Combat
SPECIAL INITIATIVE ACTIONS
Here are ways to change when you act during
combat by altering your place in the initiative order.
DELAY
By choosing to delay, you take no action and
then act normally on whatever initiative count you decide to act. When
you delay, you voluntarily reduce your own initiative result for the
rest of the combat. When your new, lower initiative count comes up
later in the same round, you can act normally. You can specify this new
initiative result or just wait until some time later in the round and
act then, thus fixing your new initiative count at that point.
You never get back the time you spend waiting to see what’s
going to happen. You can’t, however, interrupt anyone else’s action (as
you can with a readied action).
Initiative Consequences of Delaying: Your initiative
result becomes the count on which you took the delayed action. If you
come to your next action and have not yet performed an action, you
don’t get to take a delayed action (though you can delay again). If you
take a delayed action in the next round, before your regular turn comes
up, your initiative count rises to that new point in the order of
battle, and you do not get your regular action that round.
READY
The ready action lets you prepare to take an
action later, after your turn is over but before your next one has
begun. Readying is a standard action. It does not provoke an attack of
opportunity (though the action that you ready might do so).

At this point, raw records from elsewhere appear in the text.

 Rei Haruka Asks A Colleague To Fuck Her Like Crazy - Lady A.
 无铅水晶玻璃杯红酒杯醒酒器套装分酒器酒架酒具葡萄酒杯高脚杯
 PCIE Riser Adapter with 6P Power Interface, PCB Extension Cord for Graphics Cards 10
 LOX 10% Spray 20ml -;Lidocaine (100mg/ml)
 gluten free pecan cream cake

Readying an Action: You can ready a standard action, a
move action, or a free action. To do so, specify the action you will
take and the conditions under which you will take it. Then, any time
before your next action, you may take the readied action in response to
that condition. The action occurs just before the action that triggers
it. If the triggered action is part of another character’s activities,
you interrupt the other character. Assuming he is still capable of
doing so, he continues his actions once you complete your readied
action. Your initiative result changes. For the rest of the encounter,
your initiative result is the count on which you took the readied
action, and you act immediately ahead of the character whose action
triggered your readied action.
You can take a 5-foot step as part of your readied action, but
only if you don’t otherwise move any distance during the round.
Initiative Consequences of Readying: Your initiative
result becomes the count on which you took the readied action. If you
come to your next action and have not yet performed your readied
action, you don’t get to take the readied action (though you can ready
the same action again). If you take your readied action in the next
round, before your regular turn comes up, your initiative count rises
to that new point in the order of battle, and you do not get your
regular action that round.
Distracting Spellcasters: You can ready an attack
against a spellcaster with the trigger “if she starts casting a spell.”

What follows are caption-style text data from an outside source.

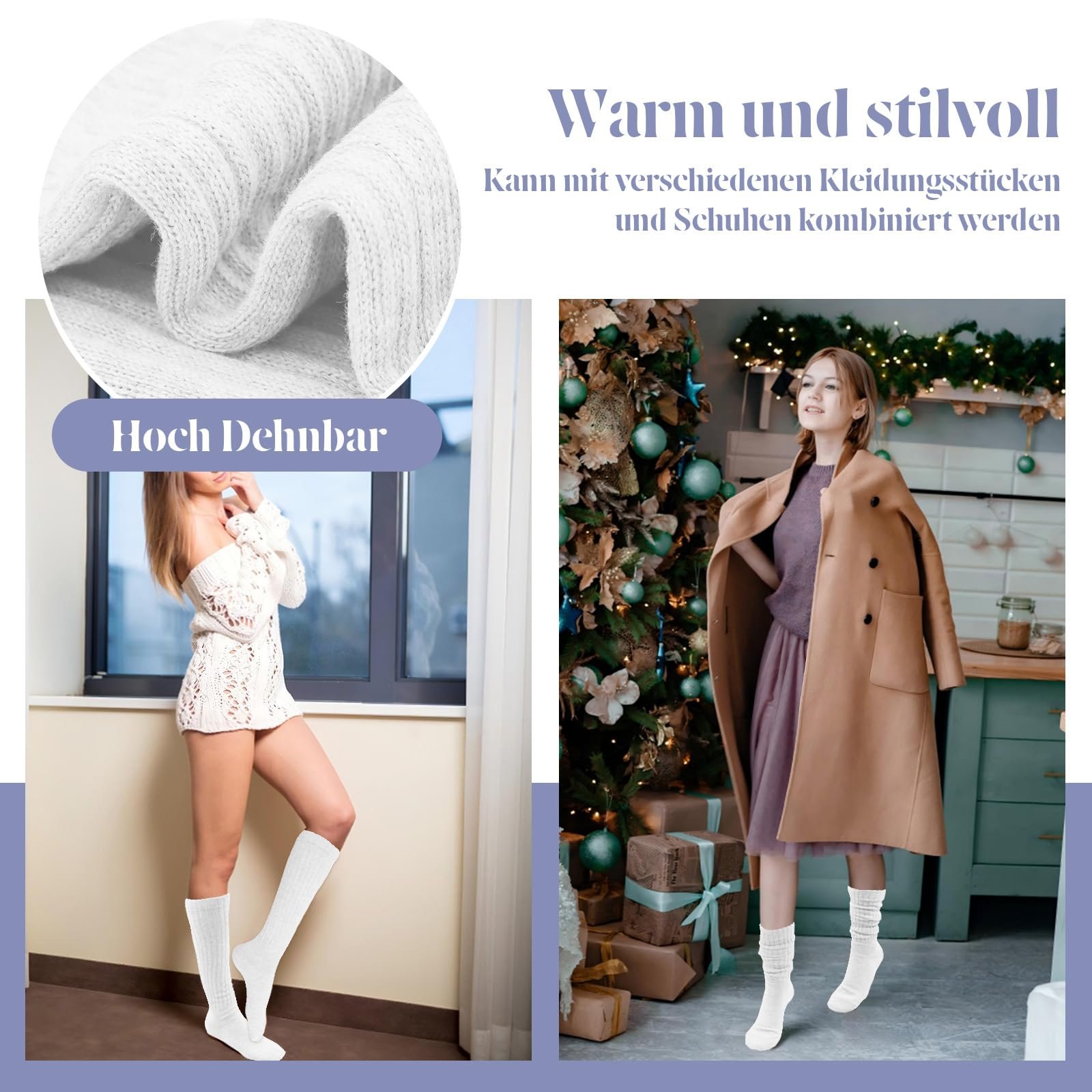 Женские гольфы VEGCOO, 4 пары, фото №6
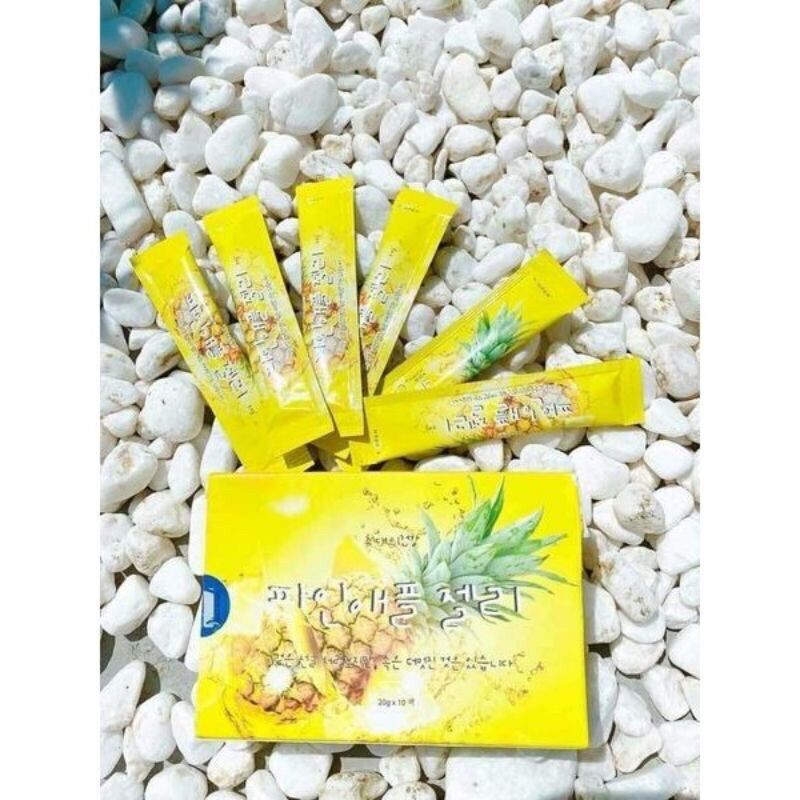 Combo 3 hộp thạch dứa matxi corp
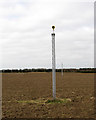 Approach lights to Norwich Airport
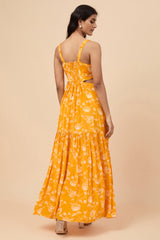 Mustard Yellow Maxi Dress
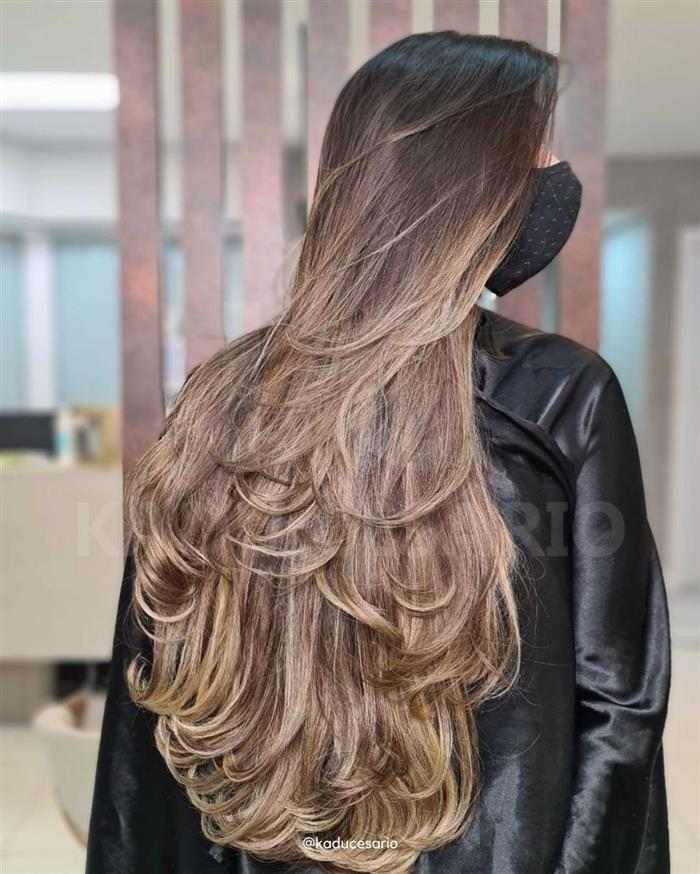corte em camadas para cabelo crespo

If you damage the spellcaster, she may lose the spell she was trying to
cast (as determined by her Concentration check result).

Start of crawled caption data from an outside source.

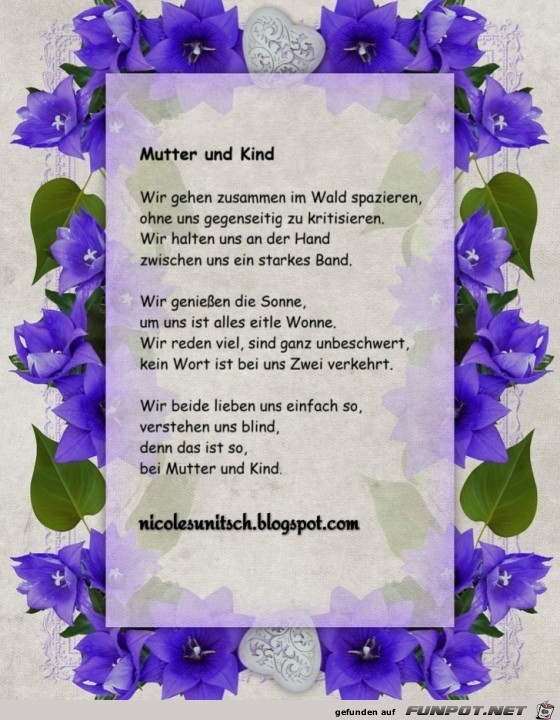 Mutter und Kind - Gedicht von Nicole Sunitsch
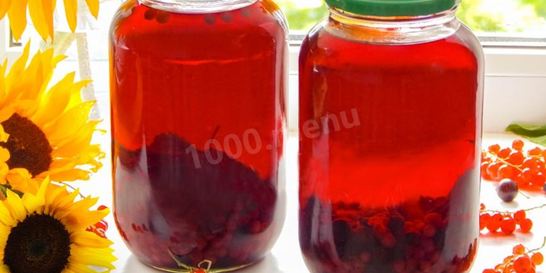 Компот из красной и черной смородины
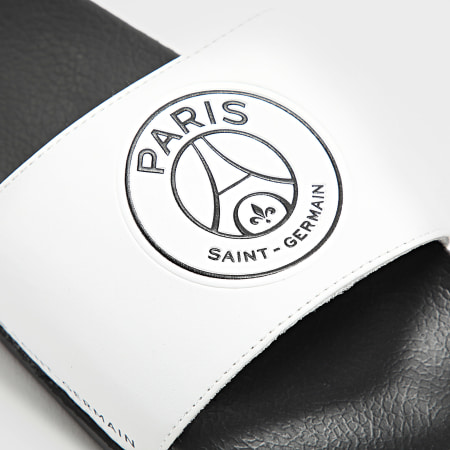 PSG - Claquettes Pagie Noir Blanc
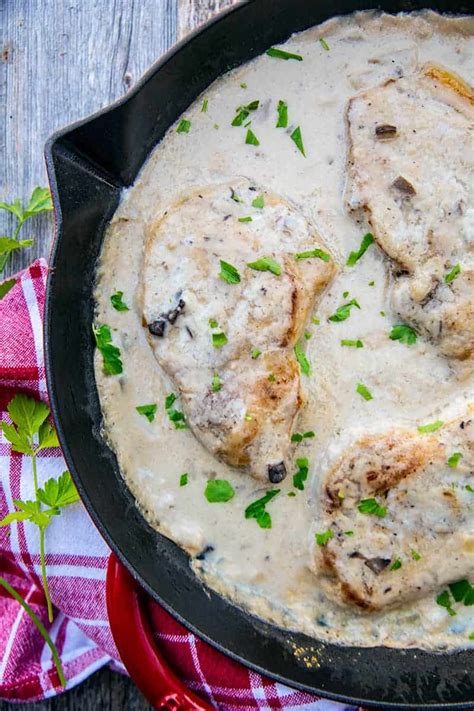 Baked Cream Of Mushroom Pork Chops The Kitchen Magpie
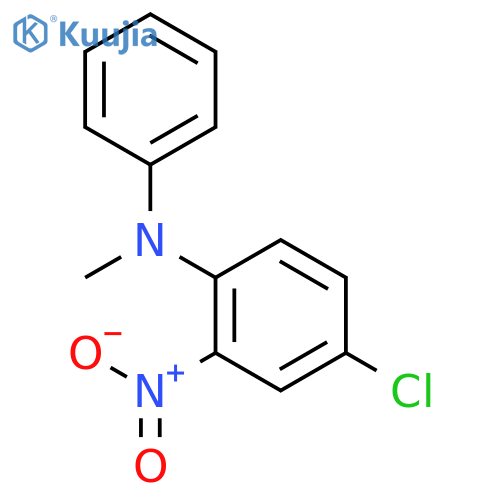 BENZENAMINE, 4-CHLORO-N-METHYL-2-NITRO-N-PHENYL- structure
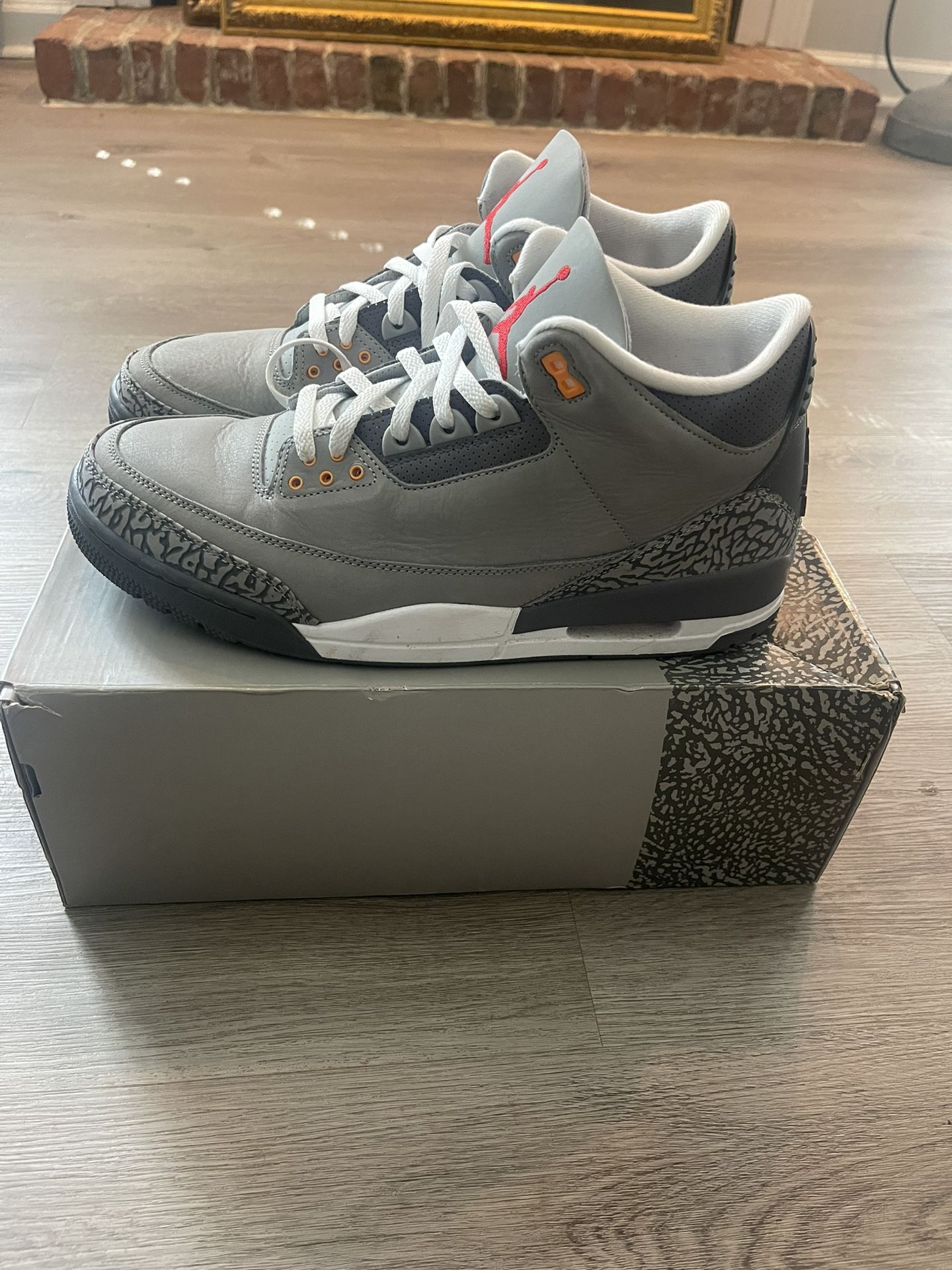 nike air jordan 3 retro “cool grey” Size 13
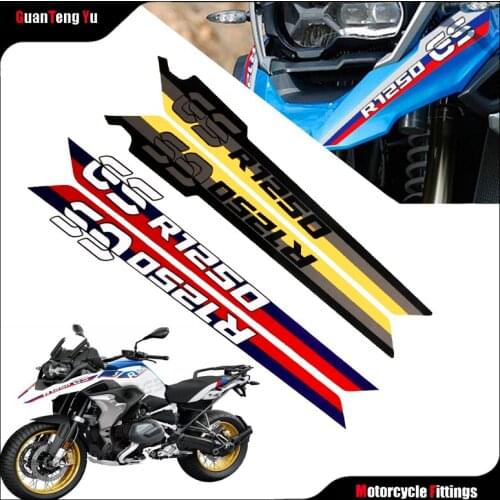 For BMW R1250GS R1250GSA 2018-2020 40th Anniversary New motorcycle front fairing pull plate sticker decorative decal protector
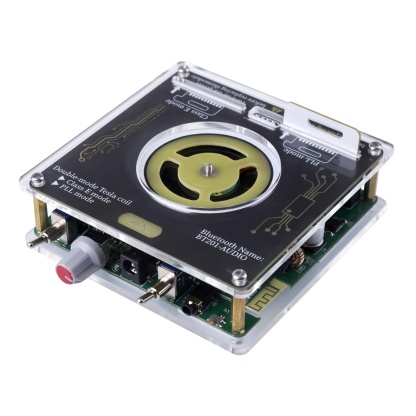 HelloWorld7-32v DC Bluetooth Square Wave Musical Tesla Coil with 20cm Arc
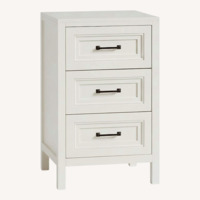 Pottery Barn Sussex 20” 3-Drawer Nightstand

Readying to Counterspell: You may ready a counterspell
against a spellcaster (often with the trigger “if she starts casting a
spell”). In this case, when the spellcaster starts a spell, you get a
chance to identify it with a Spellcraft check (DC 15 + spell level). If
you do, and if you can cast that same spell (are able to cast it and
have it prepared, if you prepare spells), you can cast the spell as a
counterspell and automatically ruin the other spellcaster’s spell.
Counterspelling works even if one spell is divine and the other arcane.
A spellcaster can use dispel magic to counterspell another
spellcaster, but it doesn’t always work.
Readying a Weapon against a Charge: You can ready
certain piercing weapons, setting them to receive charges. A readied
weapon of this type deals double damage if you score a hit with it
against a charging character.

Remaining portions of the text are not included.